Records to process below:

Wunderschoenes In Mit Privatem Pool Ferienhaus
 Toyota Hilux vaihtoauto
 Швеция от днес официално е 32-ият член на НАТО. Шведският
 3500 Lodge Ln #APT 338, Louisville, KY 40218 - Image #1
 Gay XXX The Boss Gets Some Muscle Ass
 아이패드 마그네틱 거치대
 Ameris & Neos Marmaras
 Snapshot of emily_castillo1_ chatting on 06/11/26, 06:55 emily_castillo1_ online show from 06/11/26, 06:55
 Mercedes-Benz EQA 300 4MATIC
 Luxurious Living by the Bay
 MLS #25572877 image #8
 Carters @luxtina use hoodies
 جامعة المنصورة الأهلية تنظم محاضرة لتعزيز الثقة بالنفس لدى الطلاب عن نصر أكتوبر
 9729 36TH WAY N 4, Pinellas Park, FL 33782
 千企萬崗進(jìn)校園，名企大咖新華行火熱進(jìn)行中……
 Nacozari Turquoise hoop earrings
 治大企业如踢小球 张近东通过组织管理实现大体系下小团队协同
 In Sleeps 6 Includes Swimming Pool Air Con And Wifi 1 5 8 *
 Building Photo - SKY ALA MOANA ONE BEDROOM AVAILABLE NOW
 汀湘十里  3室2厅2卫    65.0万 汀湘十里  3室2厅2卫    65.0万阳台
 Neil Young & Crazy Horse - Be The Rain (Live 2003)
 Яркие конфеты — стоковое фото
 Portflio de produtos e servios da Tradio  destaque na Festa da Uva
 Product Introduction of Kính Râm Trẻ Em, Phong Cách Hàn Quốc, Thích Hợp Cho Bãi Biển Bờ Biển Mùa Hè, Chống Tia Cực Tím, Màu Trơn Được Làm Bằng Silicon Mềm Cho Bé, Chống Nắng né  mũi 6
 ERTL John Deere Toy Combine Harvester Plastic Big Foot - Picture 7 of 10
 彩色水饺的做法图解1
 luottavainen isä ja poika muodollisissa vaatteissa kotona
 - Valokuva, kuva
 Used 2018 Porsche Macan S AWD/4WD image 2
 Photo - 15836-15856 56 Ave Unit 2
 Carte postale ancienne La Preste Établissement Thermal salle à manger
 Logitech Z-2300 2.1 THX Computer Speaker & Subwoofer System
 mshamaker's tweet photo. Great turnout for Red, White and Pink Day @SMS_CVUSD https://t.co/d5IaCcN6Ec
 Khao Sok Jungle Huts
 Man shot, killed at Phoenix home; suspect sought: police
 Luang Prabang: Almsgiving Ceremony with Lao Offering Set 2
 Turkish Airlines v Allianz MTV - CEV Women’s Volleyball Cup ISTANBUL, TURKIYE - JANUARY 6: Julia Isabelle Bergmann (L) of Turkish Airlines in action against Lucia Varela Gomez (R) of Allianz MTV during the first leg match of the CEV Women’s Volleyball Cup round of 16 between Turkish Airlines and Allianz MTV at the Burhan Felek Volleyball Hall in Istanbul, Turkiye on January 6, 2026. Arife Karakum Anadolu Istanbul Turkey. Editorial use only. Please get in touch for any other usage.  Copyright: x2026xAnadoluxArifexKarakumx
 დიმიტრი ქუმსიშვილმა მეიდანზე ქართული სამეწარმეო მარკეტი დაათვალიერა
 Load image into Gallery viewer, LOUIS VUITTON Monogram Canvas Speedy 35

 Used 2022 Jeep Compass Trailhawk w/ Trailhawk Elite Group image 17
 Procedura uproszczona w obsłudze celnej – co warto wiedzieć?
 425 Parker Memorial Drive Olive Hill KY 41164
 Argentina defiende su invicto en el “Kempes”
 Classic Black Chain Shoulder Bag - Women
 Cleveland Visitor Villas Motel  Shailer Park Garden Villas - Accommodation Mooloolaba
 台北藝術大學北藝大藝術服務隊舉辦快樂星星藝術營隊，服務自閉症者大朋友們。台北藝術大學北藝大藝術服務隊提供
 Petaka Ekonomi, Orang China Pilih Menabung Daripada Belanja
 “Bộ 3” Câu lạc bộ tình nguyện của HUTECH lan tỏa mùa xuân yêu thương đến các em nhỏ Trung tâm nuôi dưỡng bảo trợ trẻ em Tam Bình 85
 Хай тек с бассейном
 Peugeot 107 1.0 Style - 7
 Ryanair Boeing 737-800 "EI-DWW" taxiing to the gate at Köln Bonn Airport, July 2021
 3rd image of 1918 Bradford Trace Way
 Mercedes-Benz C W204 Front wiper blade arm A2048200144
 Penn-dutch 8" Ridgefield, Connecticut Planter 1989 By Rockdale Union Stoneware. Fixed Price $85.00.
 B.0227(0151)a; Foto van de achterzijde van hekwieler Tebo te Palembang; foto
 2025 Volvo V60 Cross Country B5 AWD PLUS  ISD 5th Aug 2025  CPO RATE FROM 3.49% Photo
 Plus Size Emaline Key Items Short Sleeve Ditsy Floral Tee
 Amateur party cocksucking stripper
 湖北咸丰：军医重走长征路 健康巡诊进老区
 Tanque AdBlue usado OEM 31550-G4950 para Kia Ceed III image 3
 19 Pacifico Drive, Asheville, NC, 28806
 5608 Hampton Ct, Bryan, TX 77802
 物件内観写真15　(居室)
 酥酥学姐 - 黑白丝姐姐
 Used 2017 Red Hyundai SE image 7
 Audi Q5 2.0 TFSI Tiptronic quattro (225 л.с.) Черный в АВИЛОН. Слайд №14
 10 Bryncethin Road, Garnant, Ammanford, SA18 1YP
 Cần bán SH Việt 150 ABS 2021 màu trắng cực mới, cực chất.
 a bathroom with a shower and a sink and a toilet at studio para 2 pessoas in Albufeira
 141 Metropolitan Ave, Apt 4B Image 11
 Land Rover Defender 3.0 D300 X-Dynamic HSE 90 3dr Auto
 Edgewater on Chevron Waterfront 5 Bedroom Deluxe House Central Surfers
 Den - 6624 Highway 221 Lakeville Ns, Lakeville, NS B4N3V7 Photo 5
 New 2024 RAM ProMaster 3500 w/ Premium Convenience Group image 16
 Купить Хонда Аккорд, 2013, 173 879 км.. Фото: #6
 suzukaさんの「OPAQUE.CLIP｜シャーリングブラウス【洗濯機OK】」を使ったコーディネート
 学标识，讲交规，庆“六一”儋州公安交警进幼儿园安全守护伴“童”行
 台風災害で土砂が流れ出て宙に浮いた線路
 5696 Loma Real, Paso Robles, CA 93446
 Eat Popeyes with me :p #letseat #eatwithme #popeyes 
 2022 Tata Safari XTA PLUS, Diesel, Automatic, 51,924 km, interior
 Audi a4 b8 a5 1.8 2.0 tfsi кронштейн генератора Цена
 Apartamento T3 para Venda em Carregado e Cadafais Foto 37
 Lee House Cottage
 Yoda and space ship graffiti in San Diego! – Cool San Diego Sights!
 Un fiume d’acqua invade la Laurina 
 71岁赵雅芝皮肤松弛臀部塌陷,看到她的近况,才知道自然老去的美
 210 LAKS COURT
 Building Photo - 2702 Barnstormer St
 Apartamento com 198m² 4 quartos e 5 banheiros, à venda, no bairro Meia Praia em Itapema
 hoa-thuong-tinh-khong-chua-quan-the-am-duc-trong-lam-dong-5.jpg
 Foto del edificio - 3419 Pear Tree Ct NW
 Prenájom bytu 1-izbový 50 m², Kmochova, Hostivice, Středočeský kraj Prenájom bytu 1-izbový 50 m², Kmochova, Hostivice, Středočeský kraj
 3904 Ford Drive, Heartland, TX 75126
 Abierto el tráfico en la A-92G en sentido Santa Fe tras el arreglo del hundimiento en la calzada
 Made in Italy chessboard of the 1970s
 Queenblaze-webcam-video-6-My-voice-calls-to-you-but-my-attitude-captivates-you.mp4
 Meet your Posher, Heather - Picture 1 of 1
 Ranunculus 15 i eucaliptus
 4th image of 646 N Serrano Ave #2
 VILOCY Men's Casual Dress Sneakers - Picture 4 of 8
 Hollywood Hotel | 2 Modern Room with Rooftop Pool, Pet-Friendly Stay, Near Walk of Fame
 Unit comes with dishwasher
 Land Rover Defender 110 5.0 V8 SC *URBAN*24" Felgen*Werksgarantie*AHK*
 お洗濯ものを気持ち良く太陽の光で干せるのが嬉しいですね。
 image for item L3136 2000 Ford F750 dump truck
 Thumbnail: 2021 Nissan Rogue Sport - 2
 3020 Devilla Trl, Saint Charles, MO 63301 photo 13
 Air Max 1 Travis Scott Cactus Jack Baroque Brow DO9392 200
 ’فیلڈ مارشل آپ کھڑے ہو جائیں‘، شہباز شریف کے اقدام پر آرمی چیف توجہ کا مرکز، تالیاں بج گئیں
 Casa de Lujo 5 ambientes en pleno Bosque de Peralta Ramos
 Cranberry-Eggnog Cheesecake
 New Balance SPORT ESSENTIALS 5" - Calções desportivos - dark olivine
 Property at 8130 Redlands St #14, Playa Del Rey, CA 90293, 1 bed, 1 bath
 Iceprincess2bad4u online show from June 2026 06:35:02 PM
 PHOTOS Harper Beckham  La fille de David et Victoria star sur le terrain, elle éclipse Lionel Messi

End of Records to process.

Exercise instructions:
Your task is to find each line in the entries that contains the string "Benz" and copy it.

Result of this task:
 Mercedes-Benz EQA 300 4MATIC
 Mercedes-Benz C W204 Front wiper blade arm A2048200144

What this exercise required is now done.